▸ Data to process
»»

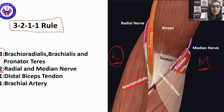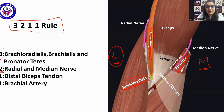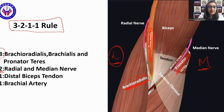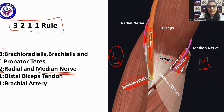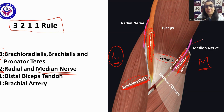The 2 stands for 2 nerves. The radial nerve is present in an oblique fascial plane between the brachioradialis and the brachialis. The median nerve lies between the brachialis and the pronator teres. Then there is 1 tendon — the distal biceps tendon — and 1 artery — the brachial artery.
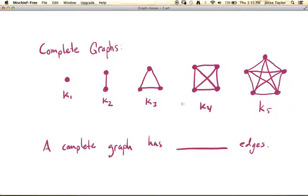Note that every vertex in each of these graphs should be adjacent to every other vertex. If you consider K3, every one of these vertices should have degree two — there are three total vertices, which means this vertex should be adjacent to the other two, so it should have degree two, and so should each of the others. The same holds in general: the graph K4 has four vertices, and every vertex should be adjacent to the other three, so each vertex should have degree three — and they do. Similarly with K5, they should all have degree four, and they do.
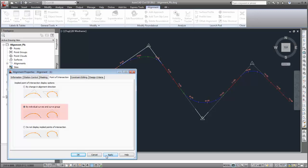The By Individual Curves and Curve Groups option displays an implied point of intersection for each curve.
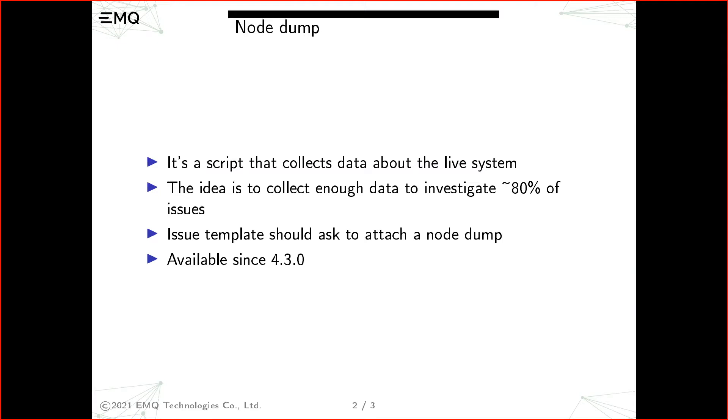So in order to mitigate this, I created a tiny script which collects data about the live system. The idea is that just by running the script and attaching its result to the issue, it should be possible to collect enough data to investigate, let's say, 80 percent of issues.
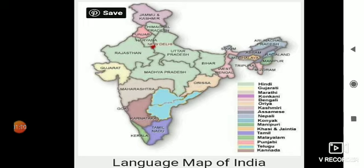Abhi aap itna samajh lo: mummy ke jo papa hote hai, jo mother ke upar hai — mother's father — unko grandfather kehte hain. Mummy ki mummy ko grandmother kehte hain. Hindi mein nana, nani. Papa ke papa ko grandfather kehte hain. And father's mother is grandmother — Hindi mein dada, dadi.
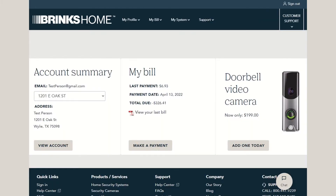Once you are logged into the Customer Portal, you will be able to make updates to your contact information, login credentials, payment settings, emergency contacts, and codeword.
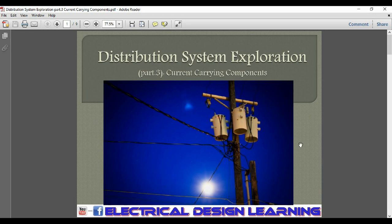Hello everybody, welcome to the third lecture of the electrical power distribution course on the YouTube channel Electrical Design Learning. In this lecture we will talk about the current carrying components of the electrical power distribution system.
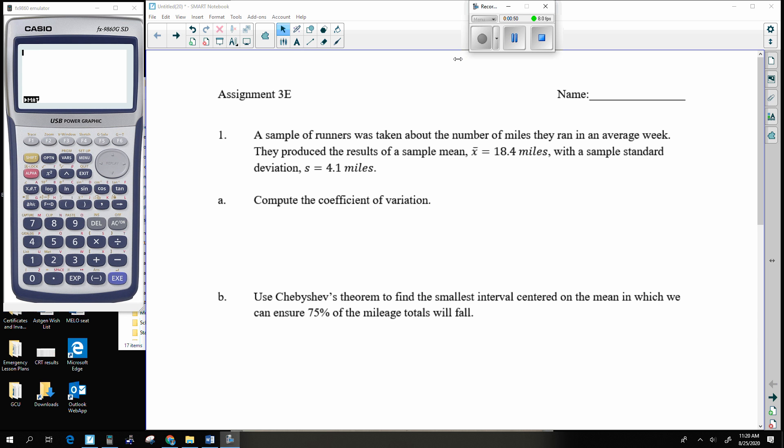A sample of runners was taken about the number of miles they run in an average week. They produced results that had a sample mean — X-bar is the average. The average is 18.4 miles for these runners, with a sample standard deviation of 4.1 miles. That indicates not all of them ran 18.4 — there is actually a spread of data, and that's what the standard deviation tells us: how far the numbers are from each other.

««

▸ Exercise
All the lines above are to be given again exactly as they read, with the pictures removed.

▸ Problem solution
The 2 stands for 2 nerves. The radial nerve is present in an oblique fascial plane between the brachioradialis and the brachialis. The median nerve lies between the brachialis and the pronator teres. Then there is 1 tendon — the distal biceps tendon — and 1 artery — the brachial artery.
Note that every vertex in each of these graphs should be adjacent to every other vertex. If you consider K3, every one of these vertices should have degree two — there are three total vertices, which means this vertex should be adjacent to the other two, so it should have degree two, and so should each of the others. The same holds in general: the graph K4 has four vertices, and every vertex should be adjacent to the other three, so each vertex should have degree three — and they do. Similarly with K5, they should all have degree four, and they do.
The By Individual Curves and Curve Groups option displays an implied point of intersection for each curve.
So in order to mitigate this, I created a tiny script which collects data about the live system. The idea is that just by running the script and attaching its result to the issue, it should be possible to collect enough data to investigate, let's say, 80 percent of issues.
Abhi aap itna samajh lo: mummy ke jo papa hote hai, jo mother ke upar hai — mother's father — unko grandfather kehte hain. Mummy ki mummy ko grandmother kehte hain. Hindi mein nana, nani. Papa ke papa ko grandfather kehte hain. And father's mother is grandmother — Hindi mein dada, dadi.
Once you are logged into the Customer Portal, you will be able to make updates to your contact information, login credentials, payment settings, emergency contacts, and codeword.
Hello everybody, welcome to the third lecture of the electrical power distribution course on the YouTube channel Electrical Design Learning. In this lecture we will talk about the current carrying components of the electrical power distribution system.
A sample of runners was taken about the number of miles they run in an average week. They produced results that had a sample mean — X-bar is the average. The average is 18.4 miles for these runners, with a sample standard deviation of 4.1 miles. That indicates not all of them ran 18.4 — there is actually a spread of data, and that's what the standard deviation tells us: how far the numbers are from each other.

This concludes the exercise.